The experience in the garden stood young David Moxon’s world on its ear.  “I immediately found,” he says, “that God was more important than anything else.”

Blessed are the pure in heart…
If David Moxon’s love for God was born in that Palmerston North garden, his renewed love for the church was born in Russia.

In 1974, not long after his garden epiphany, he was invited to join a World Council of Churches’ student trip to Soviet Russia. These were the Breshnev years; no doubt the Marxist state saw the students’ visit as a public relations opportunity.

The church in Soviet Russia was largely underground, and faced relentless harassment from a police state.

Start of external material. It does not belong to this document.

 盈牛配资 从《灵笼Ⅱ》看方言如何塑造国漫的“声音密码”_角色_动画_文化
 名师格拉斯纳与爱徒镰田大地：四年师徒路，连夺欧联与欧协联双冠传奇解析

“We were told,” he says, “that there were classes in atheism in every Russian school. There is no God, the students were taught. There is no heaven. There is no transcendent being. No numinous. It’s all material and molecular.

“They used to get a cosmonaut to go round these classes: ‘I’ve been up there,’ he’d say, ‘and there’s nothing. It’s empty. It’s black. No God.’

“And when we were there, we were told of the daughter of a priest who had stood up in the question time and said: ‘Excuse me, comrade, but are you pure in heart?’

“In Matthew’s gospel, in the Beatitudes it says: ‘Blessed are the pure in heart, for they shall see God.’”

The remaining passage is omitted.